Question

$\text{A}$ and $\text{B}$ throw a die alternatively till one of them gets a $6$ and wins the game. Find their respective probabilities of winning, if $\text{A}$ starts first .

Answer 1

Let success (getting a $6$) is denoted by $\text{S}$ and the failure(not getting $6$) is denoted by $\text{F}$.

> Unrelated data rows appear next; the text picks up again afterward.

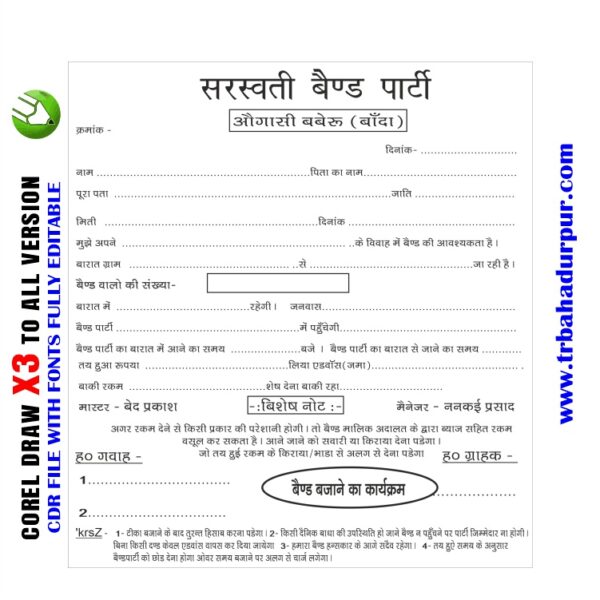 Letest New Band parti rasid book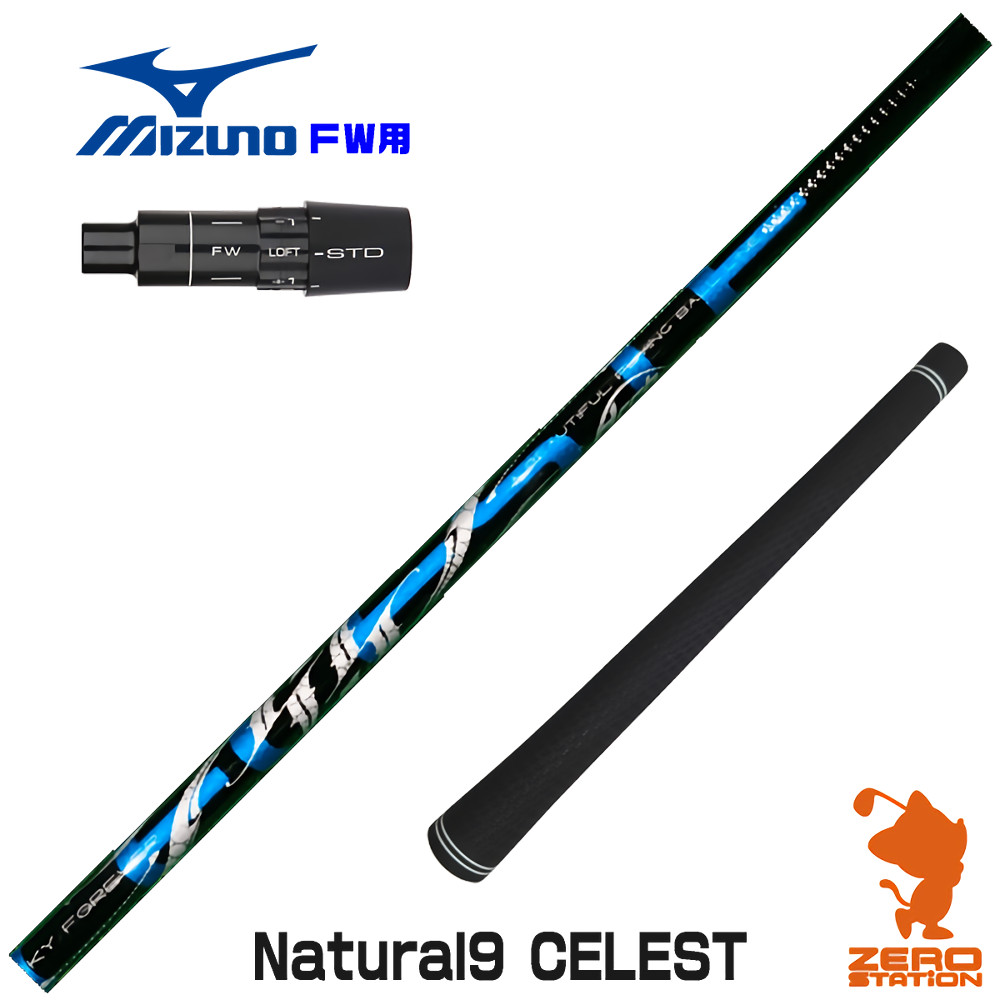 【1年度引き請ける付】 Arch アーチ形 Natural9 CELESTE セレスト ミズノ FW用取り替えっこ 衣袂付き添い人立て坑 [JPX ONE/ST230] ゴルフ立て坑 （衣袂立て坑 フェアウェイウッドシャフト 衣袂付立て坑）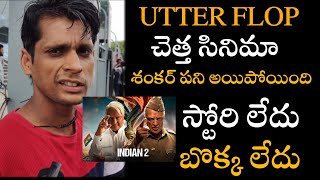 Bharateeyudu2 Movie Public Talk  Indian2 Review  Bharateeyudu2 Genuine Talk  Indian2 Public Talk [upl. by Enorel297]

When a die is thrown then sample space $\left\{1,2,3,4,5,6\right\}$

$$\begin{gathered} \text{P(S)=}\frac{1}{6}\text{=p} \\ \text{P(F)=}\frac{5}{6}\text{=q} \end{gathered}$$

If we throw the die then first $\text{A}$ throw then die $\text{B}$ is thrown, so

$$\begin{gathered} \text{P(A wins in the first throw )=p} \\ \text{P(A wins in the third throw)=qqp} \\ \text{P(A wins in the fifth throw)=qqqqp} \end{gathered}$$

$\text{P(A wins)=p+qqp+qqqqp+ ⋯⋯⋯⋯⋯⋯⋯⋯⋯⋯}$

$$\begin{gathered} ={\text{p+q}}^2{\text{p+q}}^4\text{p+⋯⋯⋯⋯⋯⋯⋯⋯⋯} \\ ={\text{p(1+q}}^2{\text{+q}}^4\text{+⋯⋯⋯⋯⋯⋯)} \\ =\text{p(}\frac{1}{1-{\text{q}}^2}{\text{) (here 1+q}}^2{\text{+q}}^4\text{+⋯⋯⋯⋯⋯ is a G.P.)} \\ =\frac{\text{p}}{1-{\text{q}}^2} \end{gathered}$$

Now we find $1-{\text{q}}^2\text{=1-(}\frac{5}{6}{\text{)}}^2\text{=1-}\frac{25}{36}\text{=}\frac{36-25}{36}\text{=}\frac{11}{36}$

Now we find $\frac{\text{p}}{1-{\text{q}}^2}=\frac{1}{6}÷\frac{11}{36}=\frac{1}{6}\times \frac{36}{11}=\frac{6}{11}$

Hence, $\text{P(A wins)=}\frac{6}{11}$, $\text{P(B wins)= 1-P(A wins)=1-}\frac{6}{11}\text{=}\frac{11-6}{11}\text{=}\frac{5}{11}$